What about receiving praise? In Proverbs we read that ‘the crucible is for silver, and the furnace is for gold, and a man is tested by his praise (Prov. 27:21). A crucible is a vessel or container that withstands high temperatures and when the contents are heated, impurities are separated out, thereby refining its content. It’s like when you turn your oven to the self-clean setting and all the nasty bits that have accumulated on the bottom are burned off. Just as a crucible or an oven tests the quality of the materials within it, God uses praise to test our hearts. Our response to praise gives us away. After receiving praise, do we give honour and glory to God and do we remember that we were made by him and for him? Do we humbly remember 1 Corinthians 4 verse 7: ‘What do you have that you did not receive? If then you received it, why do you boast as if you did not receive it?’ At times we forget that it is God’s grace to us that allows us to do anything.
Seeking God’s glory
Our hearts are revealed by how hungry we are for praise. Social media can be a big temptation in this area. It allows us to put forward a version of ourselves that our loved ones might not recognize. Yet, you might ask, surely we can desire praise from others and still follow Christ? After all, we are social creatures made for fellowship, and praise is part of our interactions with one another. This is a good question, so let us look at the life of Jesus: God sent Jesus Christ as a man to live among us, to carry out the mission of reconciling sinful humanity to God. This was accomplished by Jesus’ death on the cross for all who believe in him. Even with such a great mission, John’s gospel says that Jesus ‘was not received by his own’ [people], but that did not deter him (Jn. 1:11). The Lord Jesus asks, ‘How can you believe, when you receive glory from one another and do not seek the glory that comes from the only God? (Jn. 5:44). The Apostle Paul expresses a similar thought, ‘For am I now seeking the approval of God or am I trying to please man? If I were still trying to please man, I would not be a servant of Christ’ (Gal. 1:10). To follow Christ is to care more about Christ and his measure of us than what other people think of us.

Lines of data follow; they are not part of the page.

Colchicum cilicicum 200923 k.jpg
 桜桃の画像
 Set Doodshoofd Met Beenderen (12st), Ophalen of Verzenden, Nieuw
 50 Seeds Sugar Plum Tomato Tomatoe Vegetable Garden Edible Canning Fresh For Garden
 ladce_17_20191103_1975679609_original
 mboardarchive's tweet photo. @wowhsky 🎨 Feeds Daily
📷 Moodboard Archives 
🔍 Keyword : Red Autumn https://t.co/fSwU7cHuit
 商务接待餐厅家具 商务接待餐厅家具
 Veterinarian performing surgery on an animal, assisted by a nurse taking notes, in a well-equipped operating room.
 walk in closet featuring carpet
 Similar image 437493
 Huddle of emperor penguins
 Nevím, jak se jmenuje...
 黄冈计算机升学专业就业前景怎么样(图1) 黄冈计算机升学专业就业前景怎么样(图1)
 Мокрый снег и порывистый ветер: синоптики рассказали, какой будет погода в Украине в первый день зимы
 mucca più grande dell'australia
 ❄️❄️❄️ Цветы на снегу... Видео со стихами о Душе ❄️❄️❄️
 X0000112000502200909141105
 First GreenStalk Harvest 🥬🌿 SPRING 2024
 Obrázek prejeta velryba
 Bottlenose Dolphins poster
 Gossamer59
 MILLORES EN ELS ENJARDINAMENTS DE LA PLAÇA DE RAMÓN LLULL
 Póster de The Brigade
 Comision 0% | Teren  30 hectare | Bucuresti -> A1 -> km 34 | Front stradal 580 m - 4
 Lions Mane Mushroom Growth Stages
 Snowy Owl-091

Our concern for what others think of us may sometimes be fuelled by comparing ourselves to others. We may be forgetting that God, in his sovereign wisdom, blessed us all with different talents and gifts. Paul says, ‘Now there are varieties of gifts, but the same Spirit; and there are varieties of service, but the same Lord; and there are varieties of activities, but it is the same God who empowers them all in everyone’ (1 Cor 12:4-6). Similarly, Ray Ortlund writes that ‘God does not value intellectual or aesthetic equality among people. He does not value equality in finances, talents and opportunity. It is God who deliberately ordains inequalities in many aspects of our lives.’ If we forget these truths, we can start to believe that we somehow do not measure up and we fail to praise God for the work he is doing in us and fellow believers.
Yet, if you deeply desire praise from others to feel at peace and you habitually engage in behaviours that you know will elicit that praise, there is good news! If you are a believer you can rest in the Lord and his unending, unchanging, perfect love for you.
Meditate on Philippians 4:7-9:
And the peace of God, which surpasses all understanding, will guard your hearts and your minds in Christ Jesus. Finally, brothers, whatever is true, whatever is honourable, whatever is just, whatever is pure, whatever is lovely, whatever is commendable, if there is any excellence, if there is anything worthy of praise, think about these things. What you have learned and received and heard and seen in me—practise these things, and the God of peace will be with you.